Tuesday, July 10, 2012

So now Hadoop's days are numbered?

Earlier this week we all read GigaOM's article with this title:
"Why the days are numbered for Hadoop as we know it"
I know GigaOM like to provoke scandals sometimes, we all remember some other unforgettable piece, but there is something behind it...

Hadoop today (after SOA not so long ago) is one of the worst case of an abused buzzword ever known to men. It's everything, everywhere, can cure illnesses and do "big-data" at the same time! Wow! Actually Hadoop is a software framework that supports data-intensive distributed applications, derived from Google's MapReduce and Google File System (GFS) papers.

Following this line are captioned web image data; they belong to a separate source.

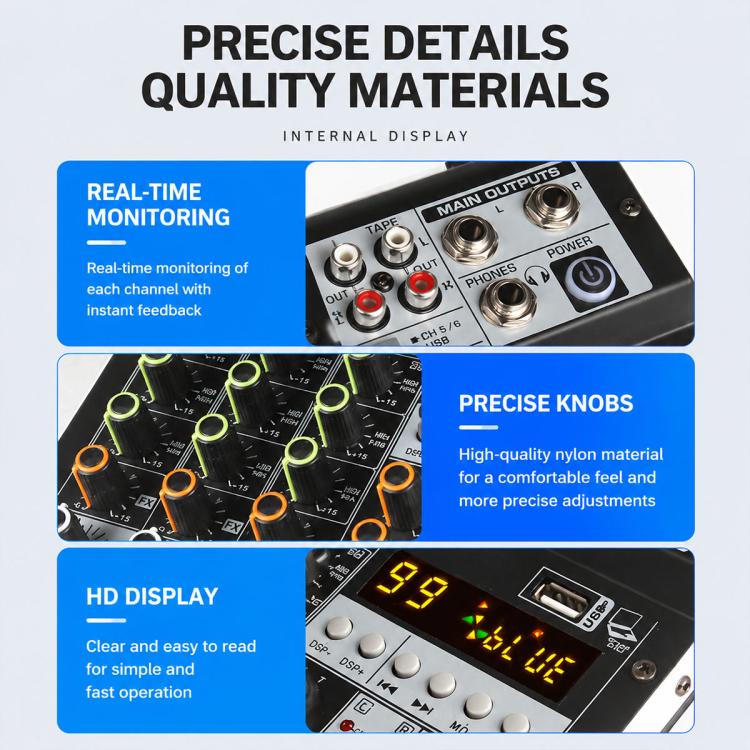TP-6M 6-Channel Multi-function Professional Recording Mixer Bluetooth Sound Card — view 14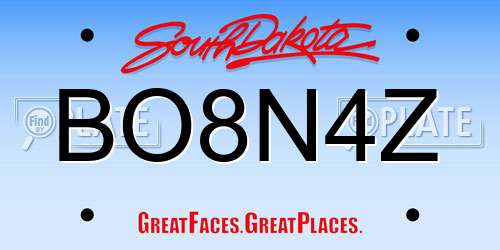 BO8N4Z South Dakota License Plate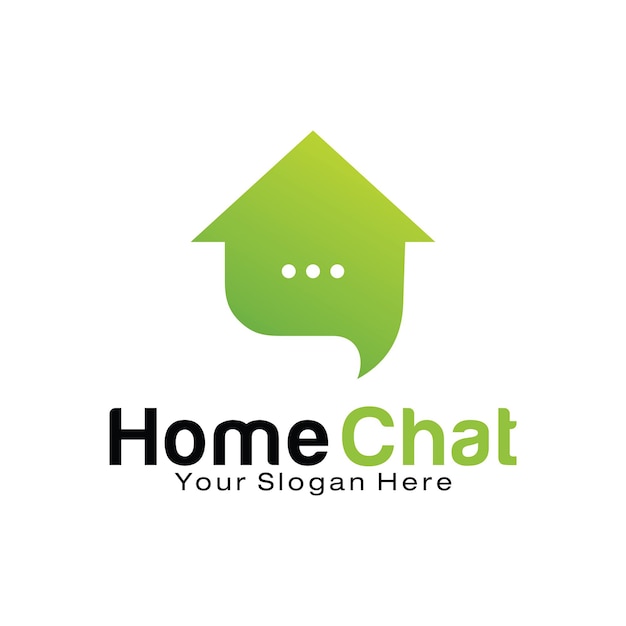 Premium Vector | Home chat logo design template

My take from the article is this: Hadoop is a foundation, low-level platform. I used the word "platform" just because of a lack of a better word. Wait there is a great word that captures it all! 

This word is Assembler

When computers begun 70 years ago or so, Assembly is the mother of all programming languages, Assembler made it work in real world computers, silicone and copper. In the world of Big Data, map-reduce, massive distribution and parallelism is the mother of all living things (Assembly). And Hadoop enables it to actually run in the real world (Assembler)... 

Like Assembler, Hadoop core is far from being really usable.  Doing something real, good, working, repeatable with it requires skills that only a few people can really master (Like good Assembler programmers, back in 1960's).

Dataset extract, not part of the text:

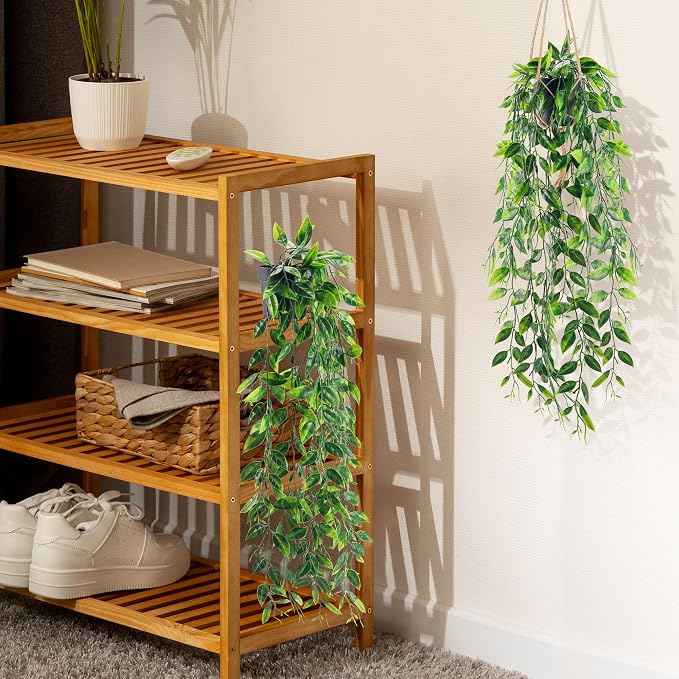 Der Rose 2 Pack Fake Hanging Plants Small Artificial Plants Faux Pea Pod Plants Indoor for Aesthetic Living Room Office Shelf Decor - Image 6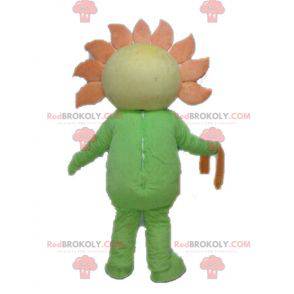 Giant yellow and orange flower mascot. Sun mascot -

While I consider myself lucky to have the chance to actually punch cards with brilliant(?) Assembler code, many of today's brightest minds in Silicone Valleys around the world never wrote one opcode. They're all using PHP, Ruby, Java and node.js, which are great "wrappers" around good old Assembly to bring programming, innovation, disruptiveness - to the masses, make the whole world a better place. It's how it should be.

Hadoop will die only if data and big data dies. Nonsense. Data is by far the most important asset organizations have. Facebook as well as Bank Of America will be worth a fraction of their value in minutes if they loose the same fraction of their data. Both won't be able to compete if they can't be intelligent and analyze their data that multiplies every (low number) days/weeks/months. The data makes a business intelligent and Hadoop helps exactly there. 

Hadoop is the Assembler of all analytical big data processing, ETL and queries. The potential around it and its ecosystem is literally unlimited, tons of innovation and disruptiveness are poured by startups and communities all over, like Splunk, HBase, Cloudera, Hive, Hadapt, and many many more. And we're just in the "FORTRAN" phase...


  1. Your punch card is not showing assembler code but FORTRAN and before you ask, yes it was hard working on computer while the dinosaurs were roaming the land.

    1. You got me!! I would have attached a pic of me holding my authentic punchcards, but back then I just couldn't find my cell-phone with a camera... :)

      Thanks for the interest!

  2. Love the analogy, Doron. When I started in this business, the moldy old guys were bragging about how they used to string wires between boards to make things work. To them, assembler was a mamby-pamby tool for wimps who couldn't handle real computing!

    Since I was an economics major and feeling a bit inferior about my technical background, I decided to read the S/370 Principles of Operation in detail. Best thing I ever did. A low-level understanding of how the machine itself actually works is indispensable in this business. It certainly served me well at Intel, where the machine's internal architecture isn't nearly as straightforward as that of the S/370!

    But it isn't about bragging rights and how much techno-detail one can master, is it? The fundamental barrier we all face, in life and technology, is TIME. It's incompressible, and it's inexorable.

    If we can find ways to productively use up vast amounts of excess raw computational power to save time, it's worth it. That's what PHP and all the rest are all about.

    An observation: all of the computational power in the world amounts to a hill of beans when it comes to bandwidth and latency (at the limit of compressibility). Since we now know that neutrinos actually do follow the laws of general relativity, we're back to the limitations imposed by the speed of light on that score.

    In the end, time still wins.

    1. Mitch - inspiring! Thank you.

      I totally agree and I would add one additional aspect: mass.

      To PHP on a MacBook is much simpler and graspable than to FORTRAN on punchcards (or on wires)! It requires less training so many more can actually be part of "computing" and its innovation, from JCL and batch calculations, all the way to PC, iPad, Amazon, Facebook, Angry Brids!!
      If we take the above to the extreme, we can bring Einstein once again with his famous quote: "Two Things Are Infinite: the Universe and Human Stupidity"... :)

      Thanks for the interest.

    2. Believe it or not, I'd never read that quote before. Fantastic!

  3. This comment has been removed by a blog administrator.